In earlier communication, KRA Commissioner General John Njiraini said the agents must be vetted to ascertain their suitability, combat fraud, as well as ensure they conform to tax requirements. “Given the importance of clearing and forwarding services in safeguarding national security and public revenue, it is imperative that persons entrusted with this role exhibit the highest standards of ethical and business conduct.
The ongoing vetting process to evaluate applicant suitability is meant to achieve this objective prior to the renewal of licences,” Mr Njiraini said.
But the agents have vowed to resist the vetting, maintaining that all KRA customs officials who work at entry points must also be vetted.

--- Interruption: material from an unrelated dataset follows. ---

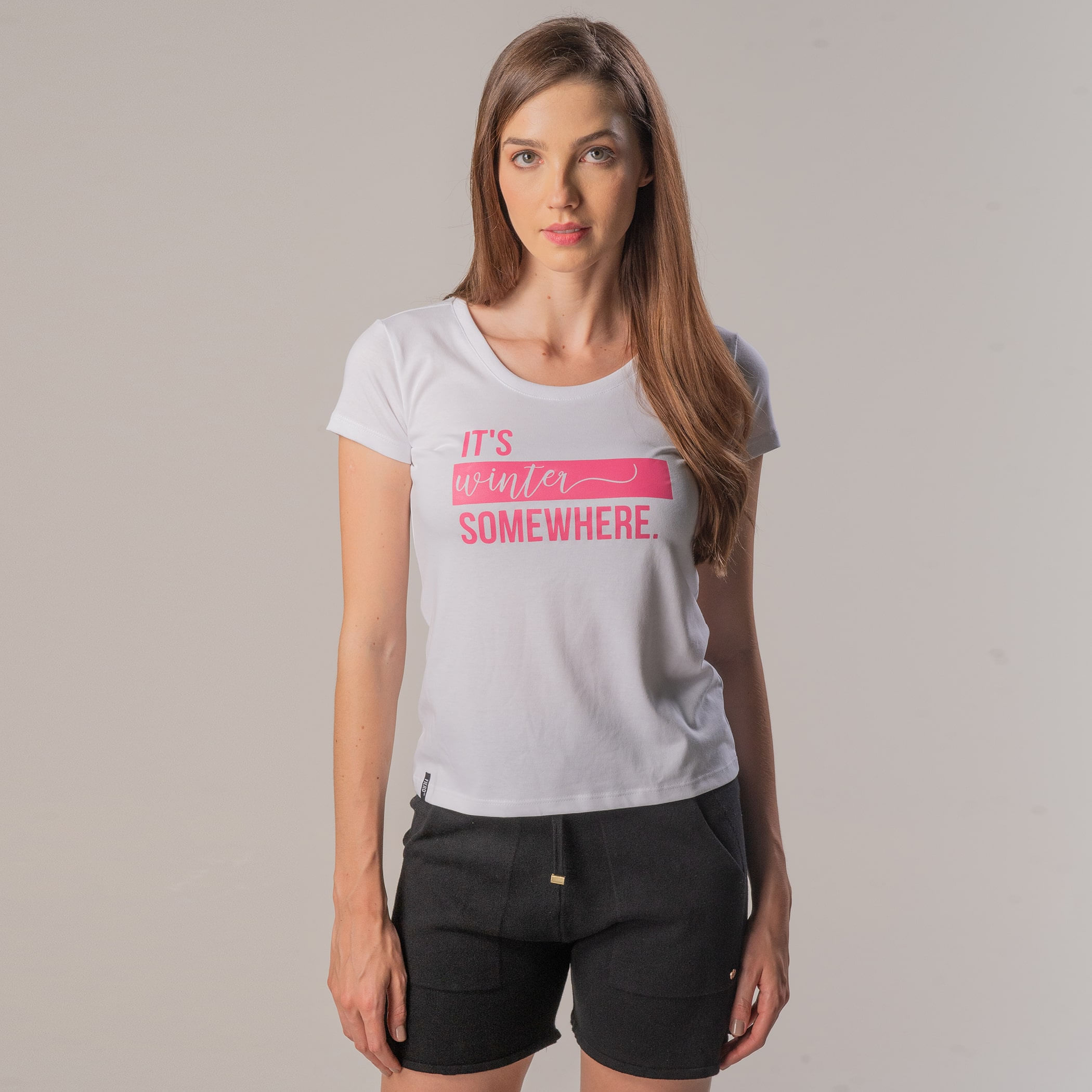 Camiseta Feminina Baby Look Manga curta It’s Winter Somewhere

Under the umbrella of the Kenya International Freight and Warehousing Association (KIFWA), the agents said they would stop paying taxes and ground the evacuation of cargo, which would see the taxman lose out on the Sh3 billion they help KRA collect every day. “The customs officials must all be vetted first before we agree to be vetted because they are the main perpetrators of this corruption,” KIFWA spokesperson William Ojonyo said.
The agents also accused KRA of bribing their former union officials to agree with the vetting plans. At a meeting last week, they voted to hold new KIFWA elections. The agents also accused the taxman of working with some international logistics companies to undermine local agents.
They said the international companies that have agreed to be vetted by KRA do not serve the local industry, and therefore do not understand its needs.